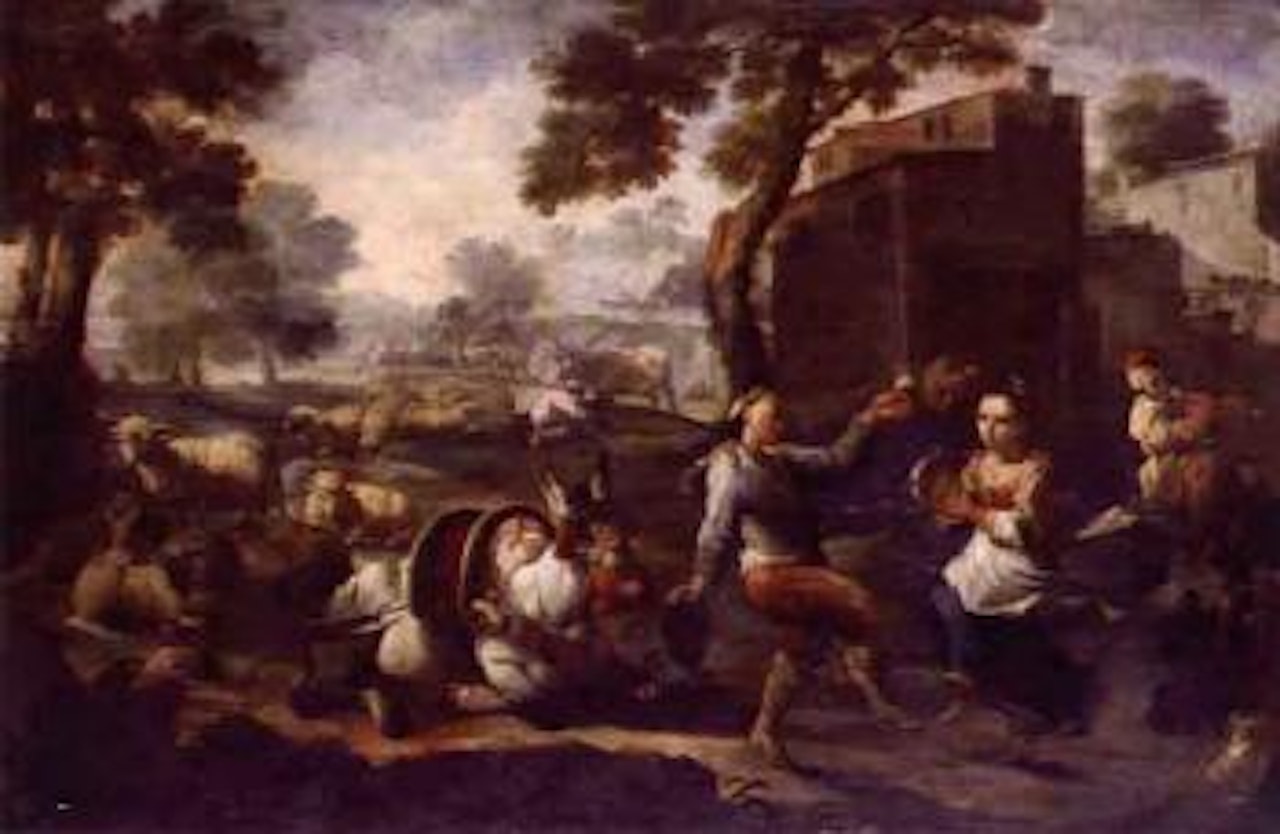 Pastoral landscape with a shepherd and shepherdess dancing by BOLOGNESE SCHOOL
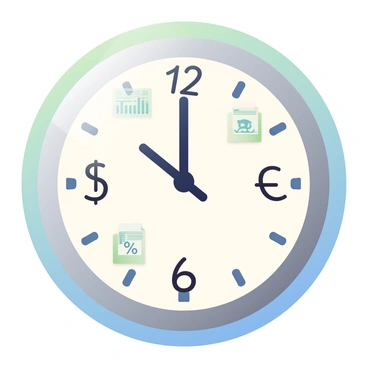 A round clock with a sleek silver frame is displayed prominently. The clock face has black hands that point to the time, while the numbers have been replaced by various financial symbols. The symbols include a dollar sign "$", a euro sign "€", a yen sign "¥", and a percentage symbol "%". Additionally, there are small documents with graphs and charts positioned at various hour markers around the clock face. The background of the clock features a subtle gradient from light green at the top to a soft blue at the bottom, enhancing the financial theme.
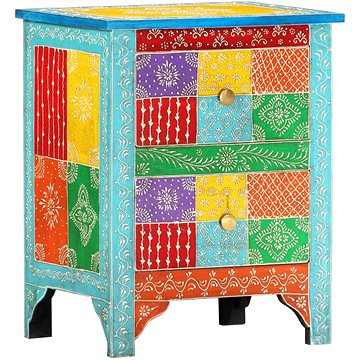 SHUMEE Ručně malovaný noční stolek 40 × 30 × 50 cm masivní mangovník, 286157 (286157)
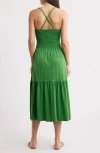 Nation Ltd Penelope Smocked Tiered Pima Cotton Midi Sundress In Green Lawn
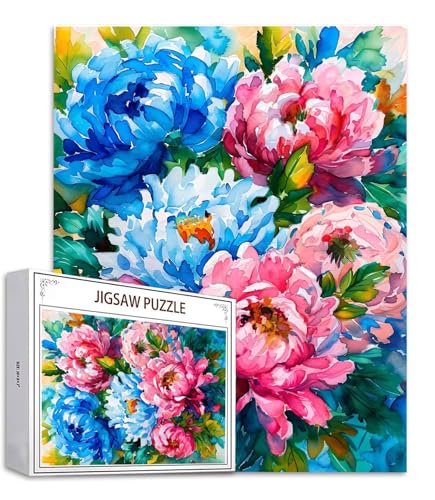 Farbe Puzzle 500 Teile Chrysantheme Puzzle Erwachsene, Holzpuzzle Erwachsene, DIY Groß Puzzelmatten, Premium Klassische Wooden Jigsaw, Holzpuzzle ab 14 Jahren für Jungen, Geschenke Mädche S-514 von Saweefog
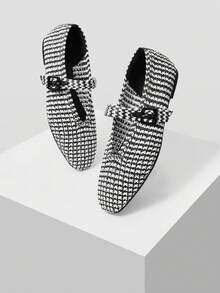 MOTF BRAID BUCKLE STRAP SQUARE TOE FLATS SPRING SHOES - Black and White - View 9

## AIM OF THE EXERCISE
Pictures in the records should not appear in your copy, but everything else must be transcribed exactly.

## EXERCISE RESULT
 Pastoral landscape with a shepherd and shepherdess dancing by BOLOGNESE SCHOOL
 A round clock with a sleek silver frame is displayed prominently. The clock face has black hands that point to the time, while the numbers have been replaced by various financial symbols. The symbols include a dollar sign "$", a euro sign "€", a yen sign "¥", and a percentage symbol "%". Additionally, there are small documents with graphs and charts positioned at various hour markers around the clock face. The background of the clock features a subtle gradient from light green at the top to a soft blue at the bottom, enhancing the financial theme.
 SHUMEE Ručně malovaný noční stolek 40 × 30 × 50 cm masivní mangovník, 286157 (286157)
 Nation Ltd Penelope Smocked Tiered Pima Cotton Midi Sundress In Green Lawn
 Farbe Puzzle 500 Teile Chrysantheme Puzzle Erwachsene, Holzpuzzle Erwachsene, DIY Groß Puzzelmatten, Premium Klassische Wooden Jigsaw, Holzpuzzle ab 14 Jahren für Jungen, Geschenke Mädche S-514 von Saweefog
 MOTF BRAID BUCKLE STRAP SQUARE TOE FLATS SPRING SHOES - Black and White - View 9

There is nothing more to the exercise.